--- PROBLEM DETAILS ---
What is needed is an exact copy of all the data.

--- Short text fragments from websites ---
· · · · ·
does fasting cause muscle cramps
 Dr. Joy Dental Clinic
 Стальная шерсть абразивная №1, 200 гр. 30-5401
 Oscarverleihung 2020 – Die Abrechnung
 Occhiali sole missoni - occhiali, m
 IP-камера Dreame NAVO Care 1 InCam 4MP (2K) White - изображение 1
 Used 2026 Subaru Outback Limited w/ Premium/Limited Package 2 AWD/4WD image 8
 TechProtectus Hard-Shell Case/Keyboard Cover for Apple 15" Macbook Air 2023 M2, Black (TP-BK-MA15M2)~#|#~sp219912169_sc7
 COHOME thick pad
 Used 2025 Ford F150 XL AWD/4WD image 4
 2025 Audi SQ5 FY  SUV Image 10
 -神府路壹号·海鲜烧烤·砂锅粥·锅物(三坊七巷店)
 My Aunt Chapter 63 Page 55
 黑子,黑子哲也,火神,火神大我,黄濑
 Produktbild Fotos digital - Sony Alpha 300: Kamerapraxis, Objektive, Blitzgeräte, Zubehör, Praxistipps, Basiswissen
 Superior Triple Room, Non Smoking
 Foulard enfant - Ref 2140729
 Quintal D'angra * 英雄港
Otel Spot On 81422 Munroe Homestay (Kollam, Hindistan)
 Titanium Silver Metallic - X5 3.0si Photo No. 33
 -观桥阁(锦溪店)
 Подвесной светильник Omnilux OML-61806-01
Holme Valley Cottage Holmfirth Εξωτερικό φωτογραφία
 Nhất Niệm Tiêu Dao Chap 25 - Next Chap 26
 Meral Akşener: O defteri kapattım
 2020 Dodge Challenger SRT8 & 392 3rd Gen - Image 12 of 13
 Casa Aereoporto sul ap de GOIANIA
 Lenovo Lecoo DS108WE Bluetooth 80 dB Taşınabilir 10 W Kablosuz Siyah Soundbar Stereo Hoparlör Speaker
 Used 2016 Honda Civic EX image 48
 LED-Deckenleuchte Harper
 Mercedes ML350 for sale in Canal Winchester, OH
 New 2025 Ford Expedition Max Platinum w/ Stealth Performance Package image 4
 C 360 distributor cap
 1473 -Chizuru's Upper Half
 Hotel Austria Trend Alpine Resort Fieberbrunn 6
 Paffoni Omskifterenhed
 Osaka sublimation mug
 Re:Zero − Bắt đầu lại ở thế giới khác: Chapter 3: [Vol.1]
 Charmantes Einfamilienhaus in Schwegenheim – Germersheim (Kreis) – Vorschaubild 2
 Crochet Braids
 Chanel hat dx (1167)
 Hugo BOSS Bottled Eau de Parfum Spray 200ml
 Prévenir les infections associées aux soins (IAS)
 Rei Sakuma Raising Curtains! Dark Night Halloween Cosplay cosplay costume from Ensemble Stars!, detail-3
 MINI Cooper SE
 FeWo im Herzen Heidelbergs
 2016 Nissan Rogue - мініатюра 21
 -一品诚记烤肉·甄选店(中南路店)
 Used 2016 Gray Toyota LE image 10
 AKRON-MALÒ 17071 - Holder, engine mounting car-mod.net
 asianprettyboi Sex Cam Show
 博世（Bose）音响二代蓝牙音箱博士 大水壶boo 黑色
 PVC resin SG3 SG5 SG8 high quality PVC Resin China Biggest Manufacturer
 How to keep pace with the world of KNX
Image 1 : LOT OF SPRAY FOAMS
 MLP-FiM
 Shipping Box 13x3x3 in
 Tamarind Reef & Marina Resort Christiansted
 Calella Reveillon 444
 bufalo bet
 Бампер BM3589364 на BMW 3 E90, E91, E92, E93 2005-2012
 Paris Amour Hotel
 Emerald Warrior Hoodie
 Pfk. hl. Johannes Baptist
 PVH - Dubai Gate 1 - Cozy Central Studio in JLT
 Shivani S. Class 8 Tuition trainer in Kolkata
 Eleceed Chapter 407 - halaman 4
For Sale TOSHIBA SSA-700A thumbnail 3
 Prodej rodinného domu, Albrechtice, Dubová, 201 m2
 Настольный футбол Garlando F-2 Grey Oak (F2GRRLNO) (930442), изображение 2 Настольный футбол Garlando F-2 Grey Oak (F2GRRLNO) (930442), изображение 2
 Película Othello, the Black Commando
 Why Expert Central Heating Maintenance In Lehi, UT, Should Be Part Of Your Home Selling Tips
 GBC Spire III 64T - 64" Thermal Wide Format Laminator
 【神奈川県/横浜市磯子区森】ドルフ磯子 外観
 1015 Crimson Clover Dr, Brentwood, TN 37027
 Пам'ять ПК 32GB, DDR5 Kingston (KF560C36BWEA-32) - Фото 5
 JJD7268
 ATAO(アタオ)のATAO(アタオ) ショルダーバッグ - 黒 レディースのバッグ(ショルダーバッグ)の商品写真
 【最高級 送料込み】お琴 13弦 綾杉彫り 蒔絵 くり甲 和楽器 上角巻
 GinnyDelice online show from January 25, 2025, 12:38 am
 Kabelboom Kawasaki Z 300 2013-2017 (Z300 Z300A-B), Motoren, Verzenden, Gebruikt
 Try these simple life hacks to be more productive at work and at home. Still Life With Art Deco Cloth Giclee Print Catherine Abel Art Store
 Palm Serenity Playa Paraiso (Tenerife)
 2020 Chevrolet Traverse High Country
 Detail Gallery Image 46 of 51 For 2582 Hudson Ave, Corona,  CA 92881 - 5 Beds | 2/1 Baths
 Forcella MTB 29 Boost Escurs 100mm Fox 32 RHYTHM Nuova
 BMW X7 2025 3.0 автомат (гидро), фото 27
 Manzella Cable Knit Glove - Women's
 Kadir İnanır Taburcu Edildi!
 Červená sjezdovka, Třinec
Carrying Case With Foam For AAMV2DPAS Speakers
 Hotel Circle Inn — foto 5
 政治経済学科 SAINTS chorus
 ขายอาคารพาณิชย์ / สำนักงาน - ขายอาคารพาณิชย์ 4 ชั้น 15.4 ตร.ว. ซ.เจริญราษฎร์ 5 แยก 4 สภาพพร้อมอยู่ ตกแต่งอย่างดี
· · · · ·
--- SOLVED EXERCISE ---
does fasting cause muscle cramps
 Dr. Joy Dental Clinic
 Стальная шерсть абразивная №1, 200 гр. 30-5401
 Oscarverleihung 2020 – Die Abrechnung
 Occhiali sole missoni - occhiali, m
 IP-камера Dreame NAVO Care 1 InCam 4MP (2K) White - изображение 1
 Used 2026 Subaru Outback Limited w/ Premium/Limited Package 2 AWD/4WD image 8
 TechProtectus Hard-Shell Case/Keyboard Cover for Apple 15" Macbook Air 2023 M2, Black (TP-BK-MA15M2)~#|#~sp219912169_sc7
 COHOME thick pad
 Used 2025 Ford F150 XL AWD/4WD image 4
 2025 Audi SQ5 FY  SUV Image 10
 -神府路壹号·海鲜烧烤·砂锅粥·锅物(三坊七巷店)
 My Aunt Chapter 63 Page 55
 黑子,黑子哲也,火神,火神大我,黄濑
 Produktbild Fotos digital - Sony Alpha 300: Kamerapraxis, Objektive, Blitzgeräte, Zubehör, Praxistipps, Basiswissen
 Superior Triple Room, Non Smoking
 Foulard enfant - Ref 2140729
 Quintal D'angra * 英雄港
Otel Spot On 81422 Munroe Homestay (Kollam, Hindistan)
 Titanium Silver Metallic - X5 3.0si Photo No. 33
 -观桥阁(锦溪店)
 Подвесной светильник Omnilux OML-61806-01
Holme Valley Cottage Holmfirth Εξωτερικό φωτογραφία
 Nhất Niệm Tiêu Dao Chap 25 - Next Chap 26
 Meral Akşener: O defteri kapattım
 2020 Dodge Challenger SRT8 & 392 3rd Gen - Image 12 of 13
 Casa Aereoporto sul ap de GOIANIA
 Lenovo Lecoo DS108WE Bluetooth 80 dB Taşınabilir 10 W Kablosuz Siyah Soundbar Stereo Hoparlör Speaker
 Used 2016 Honda Civic EX image 48
 LED-Deckenleuchte Harper
 Mercedes ML350 for sale in Canal Winchester, OH
 New 2025 Ford Expedition Max Platinum w/ Stealth Performance Package image 4
 C 360 distributor cap
 1473 -Chizuru's Upper Half
 Hotel Austria Trend Alpine Resort Fieberbrunn 6
 Paffoni Omskifterenhed
 Osaka sublimation mug
 Re:Zero − Bắt đầu lại ở thế giới khác: Chapter 3: [Vol.1]
 Charmantes Einfamilienhaus in Schwegenheim – Germersheim (Kreis) – Vorschaubild 2
 Crochet Braids
 Chanel hat dx (1167)
 Hugo BOSS Bottled Eau de Parfum Spray 200ml
 Prévenir les infections associées aux soins (IAS)
 Rei Sakuma Raising Curtains! Dark Night Halloween Cosplay cosplay costume from Ensemble Stars!, detail-3
 MINI Cooper SE
 FeWo im Herzen Heidelbergs
 2016 Nissan Rogue - мініатюра 21
 -一品诚记烤肉·甄选店(中南路店)
 Used 2016 Gray Toyota LE image 10
 AKRON-MALÒ 17071 - Holder, engine mounting car-mod.net
 asianprettyboi Sex Cam Show
 博世（Bose）音响二代蓝牙音箱博士 大水壶boo 黑色
 PVC resin SG3 SG5 SG8 high quality PVC Resin China Biggest Manufacturer
 How to keep pace with the world of KNX
Image 1 : LOT OF SPRAY FOAMS
 MLP-FiM
 Shipping Box 13x3x3 in
 Tamarind Reef & Marina Resort Christiansted
 Calella Reveillon 444
 bufalo bet
 Бампер BM3589364 на BMW 3 E90, E91, E92, E93 2005-2012
 Paris Amour Hotel
 Emerald Warrior Hoodie
 Pfk. hl. Johannes Baptist
 PVH - Dubai Gate 1 - Cozy Central Studio in JLT
 Shivani S. Class 8 Tuition trainer in Kolkata
 Eleceed Chapter 407 - halaman 4
For Sale TOSHIBA SSA-700A thumbnail 3
 Prodej rodinného domu, Albrechtice, Dubová, 201 m2
 Настольный футбол Garlando F-2 Grey Oak (F2GRRLNO) (930442), изображение 2 Настольный футбол Garlando F-2 Grey Oak (F2GRRLNO) (930442), изображение 2
 Película Othello, the Black Commando
 Why Expert Central Heating Maintenance In Lehi, UT, Should Be Part Of Your Home Selling Tips
 GBC Spire III 64T - 64" Thermal Wide Format Laminator
 【神奈川県/横浜市磯子区森】ドルフ磯子 外観
 1015 Crimson Clover Dr, Brentwood, TN 37027
 Пам'ять ПК 32GB, DDR5 Kingston (KF560C36BWEA-32) - Фото 5
 JJD7268
 ATAO(アタオ)のATAO(アタオ) ショルダーバッグ - 黒 レディースのバッグ(ショルダーバッグ)の商品写真
 【最高級 送料込み】お琴 13弦 綾杉彫り 蒔絵 くり甲 和楽器 上角巻
 GinnyDelice online show from January 25, 2025, 12:38 am
 Kabelboom Kawasaki Z 300 2013-2017 (Z300 Z300A-B), Motoren, Verzenden, Gebruikt
 Try these simple life hacks to be more productive at work and at home. Still Life With Art Deco Cloth Giclee Print Catherine Abel Art Store
 Palm Serenity Playa Paraiso (Tenerife)
 2020 Chevrolet Traverse High Country
 Detail Gallery Image 46 of 51 For 2582 Hudson Ave, Corona,  CA 92881 - 5 Beds | 2/1 Baths
 Forcella MTB 29 Boost Escurs 100mm Fox 32 RHYTHM Nuova
 BMW X7 2025 3.0 автомат (гидро), фото 27
 Manzella Cable Knit Glove - Women's
 Kadir İnanır Taburcu Edildi!
 Červená sjezdovka, Třinec
Carrying Case With Foam For AAMV2DPAS Speakers
 Hotel Circle Inn — foto 5
 政治経済学科 SAINTS chorus
 ขายอาคารพาณิชย์ / สำนักงาน - ขายอาคารพาณิชย์ 4 ชั้น 15.4 ตร.ว. ซ.เจริญราษฎร์ 5 แยก 4 สภาพพร้อมอยู่ ตกแต่งอย่างดี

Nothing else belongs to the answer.